Audi places heavy emphasis on the new A7 Sportback’s design over other aspects, and for good reason. Similar to the 2019 A8, the A7 takes inspiration from the Prologue concept, while, at the same time, still remaining unmistakably an A7. In fact, though the A7 and A8 may share many things in common, they offer it up in very different ways.
At its most straightforward, it’s about being driver-centric. Where the A8’s interior is defined by horizontal lines and an emphasized sense of space, befitting its sedan status, in the 2019 Audi A7, everything is turned toward the driver. The new Audi MMI system, functionally similar in both sedan and four-door coupe, is slanted more towards the driver in the latter. Everything is easily within reach and available at a quick and safe glance. The A7 Sportback puts the driver at the visual center of its universe.
It’s not an absolute, however. Unlike in the Audi TT, where the focus is completely on the driver, the new A7 straddles its three car lines and doesn’t ignore passengers altogether. In the real world, it makes a big difference: compared to the A8, which really feels like a car to be driven in, the A7 is a car that’s meant for you to drive yourself. During our two day drive in Cape Town, S. Africa, there was plenty of seat time both behind the wheel and as a passenger.
A welcome gain from the A8 is the extra space. The 0.8 inches of added length may not sound much but, combined with its 3.4-foot width, sitting comfortably inside the A7 would almost make you think you were inside the sedan instead. The lines blur even further when you see the familiar refreshed MMI system: like the 2019 A8, the new A7 Sportback is equipped with Audi’s new-generation MMI system.
Unlike previous iterations, Audi throws out the physical knobs and buttons in exchange for two fully touch-enabled screens, stacked one atop the other in the center console. What Audi hasn’t thrown out, however, is the unique MMI experience that Audi owners have grown to love.

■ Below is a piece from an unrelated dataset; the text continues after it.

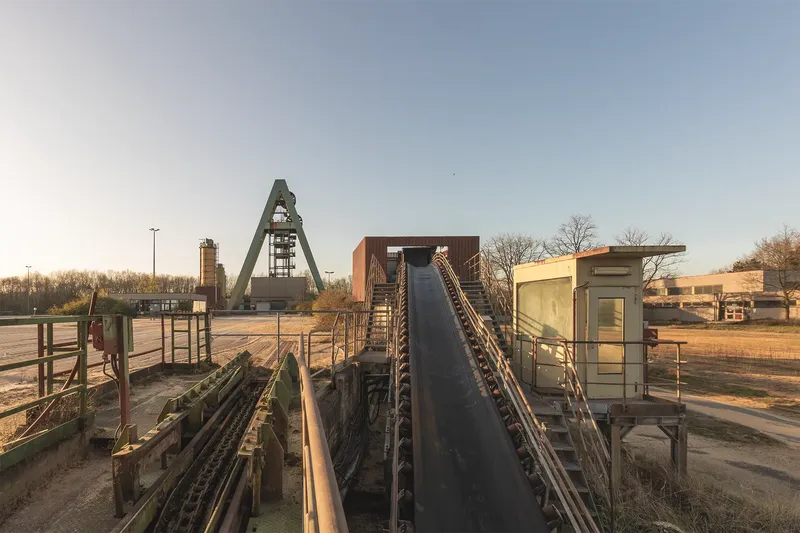 Industrielle Förderanlage einer Bergbaueinrichtung mit markanter A-förmiger Förderturm-Konstruktion, Förderbändern und technischen Installationen bei Sonnenaufgang. Authentische Industriearchitektur dokumentiert das kulturelle Erbe des deutschen Bergbaus.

The old MMI’s audible and tactile “click” where the entire display “vibrates” is still present, an impressive feat considering the inherent limitations of touchscreen technologies.
Ease and speed of use are still also there, despite the complexity of digital user interfaces. Options are laid out on a single level, minimizing the need to drill down into menus before reaching the exact feature you’re hunting for. A new 12.3-inch virtual cockpit sits directly in front of the driver, replacing the analog instrumentation of old while still giving the illusion of depth thanks to the very high-resolution and responsive screen.
From the driver’s seat, operating the dual displays settles into an up-and-down cadence, almost tai-chi like in its zen. The icons, text, and graphics are easy to read with minimal complexity, a welcome relief compared to some of the more complex systems in rival cars.
While all carmakers boast of their attention to design and to detail, the A7 feels worthy of the praise. Take, for example, the extra sensors inside the front grille, which Audi’s designers managed to integrate into the car’s core design and thus give the coupé a unique fascia. Rather than wearing its active-assistance sensors like warts, the A7 subtly hides another pair of eyes inside the new “singleframe” grille.
Of course, the 2019 A7 Sportback can’t just be an art project: it must be functional, too. Compared to its predecessor, the 2019 model keeps the telltale silhouette while doubling-down on the sportier touches. The lower and wider grille, a new unified tail light, sharper shoulders, a built-in spoiler that automatically extends at 75 mph, and a more pronounced lip on the back are just some of the more obvious new design marks. At the same time, the familiar roofline and distinctive tapered rear remain, to continue the aesthetic legacy.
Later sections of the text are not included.